Consumer sentiment experienced a second consecutive month of decline this month, per the University of Michigan’s closely watched survey of consumers.
Consumer sentiment went from 58.2 in August to 55.1 in September, a 5.3% drop. In July, consumer sentiment was 61.7—showing two months of straight decline.
Year-over-year, consumer sentiment is down 21.6%, from 70.3 in September 2024.
Joanne Hsu, director of the Surveys of Consumers at University of Michigan, noted that sentiment for consumers with larger stock holdings held steady in September, but decreased for those with smaller or no holdings.
“Nationally, not only did macroeconomic expectations fall, particularly for labor markets and business conditions, but personal expectations did as well, with a softening outlook for their own incomes and personal finances,” read Hsu’s report.
Additionally, sentiment decreased about 9% for Independents and 4% for Republicans, but increased for Democrats, according to the surveys.
“Consumers continue to express frustration over the persistence of high prices, with 44% spontaneously mentioning that high prices are eroding their personal finances, the highest reading in a year,” Hsu noted. “Interviews this month highlight the fact that consumers feel pressure both from the prospect of higher inflation as well as the risk of weaker labor markets.”

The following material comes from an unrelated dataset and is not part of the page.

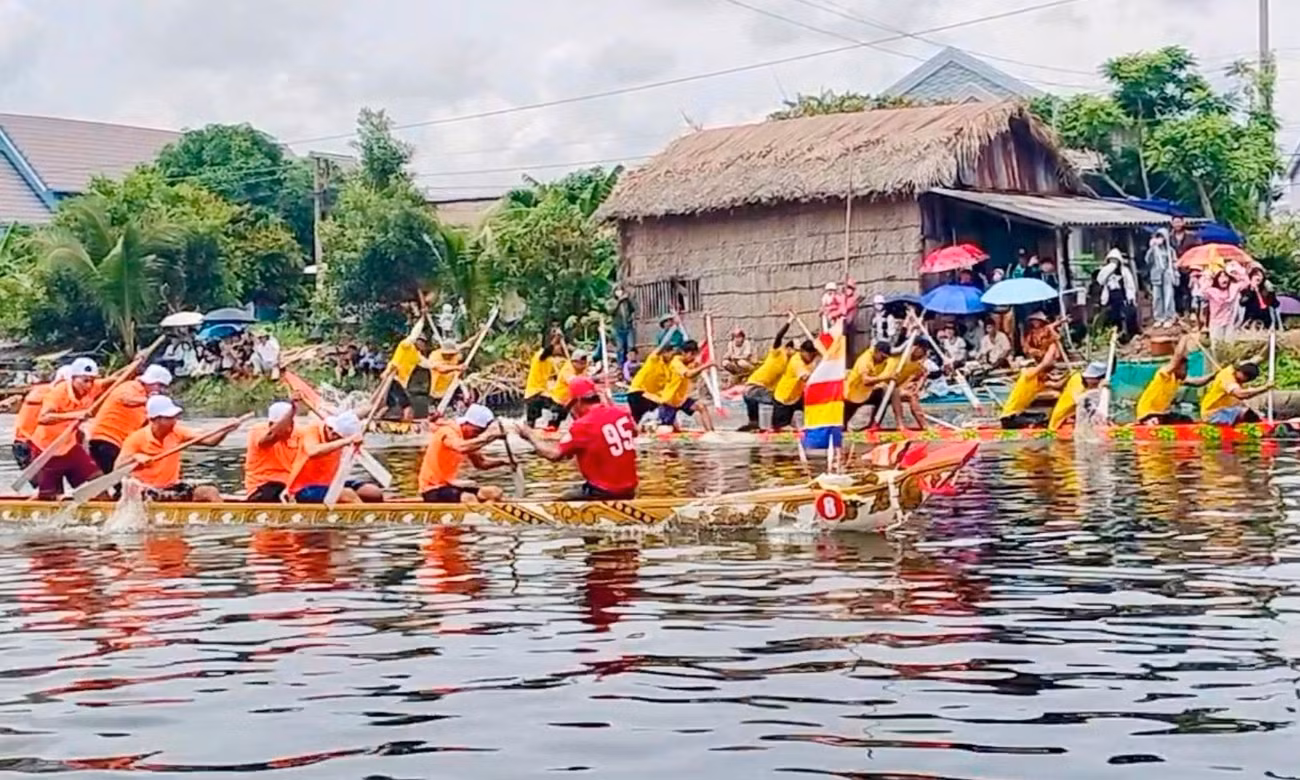 Sôi nổi màn đua ghe ngo mini của 13 đội nam nữ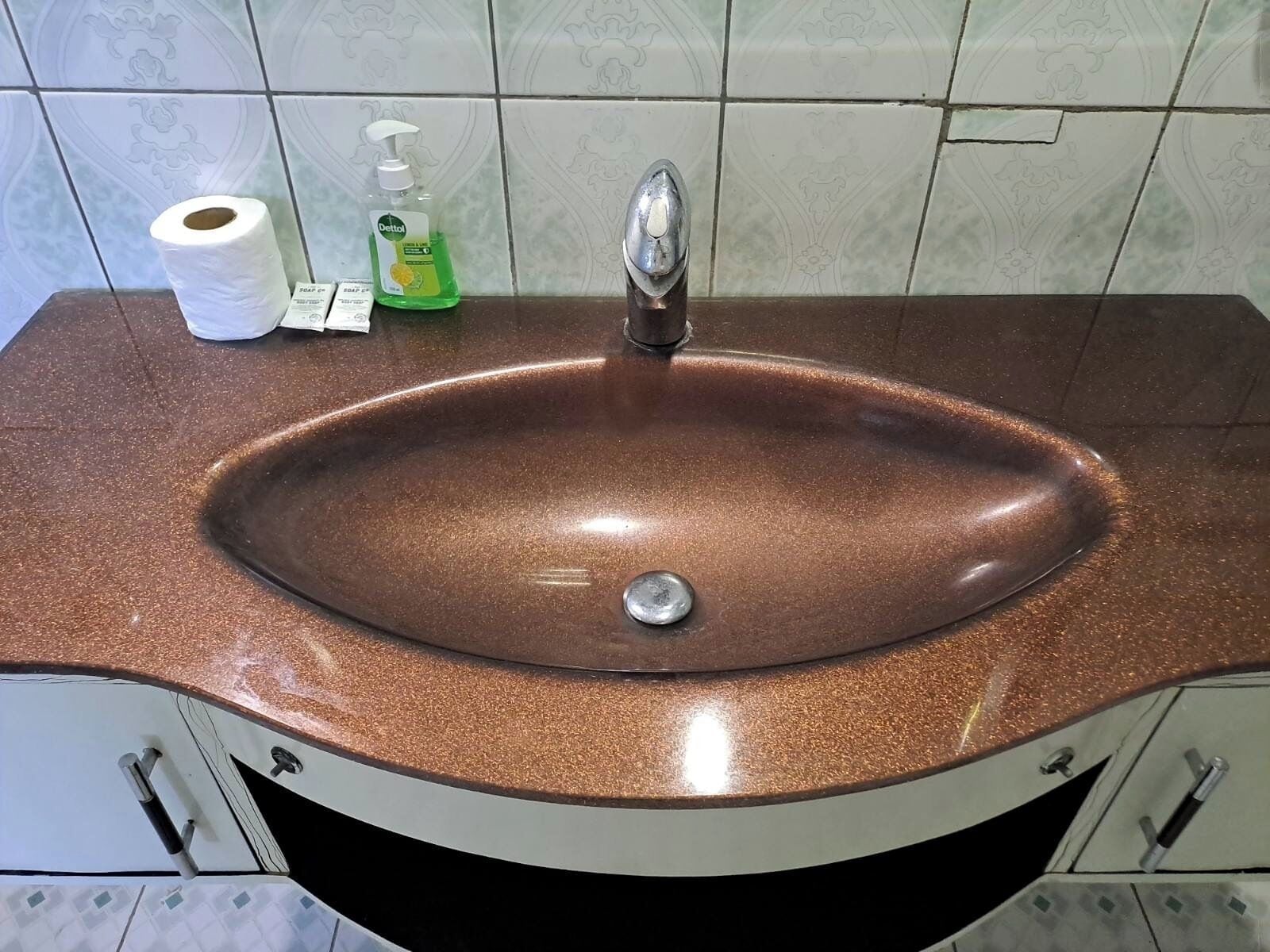 Standard Room With Air Conditioning | Bathroom | Shower, free toiletries, towels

Declines in consumer sentiment is typically a fair indicator of what real estate professionals are seeing on the ground.
According to our previous reporting, faltering consumer confidence can signal changes in household spending patterns, says Greg Willett, chief economist for LeaseLock.
“Whether or not households actually pull back on spending, uncertainty tends to make people put off major financial or lifestyle decisions. They simply freeze in place,” he adds. “This suggests that the number of home-buying prospects will be somewhat fewer than was perhaps anticipated a bit earlier.”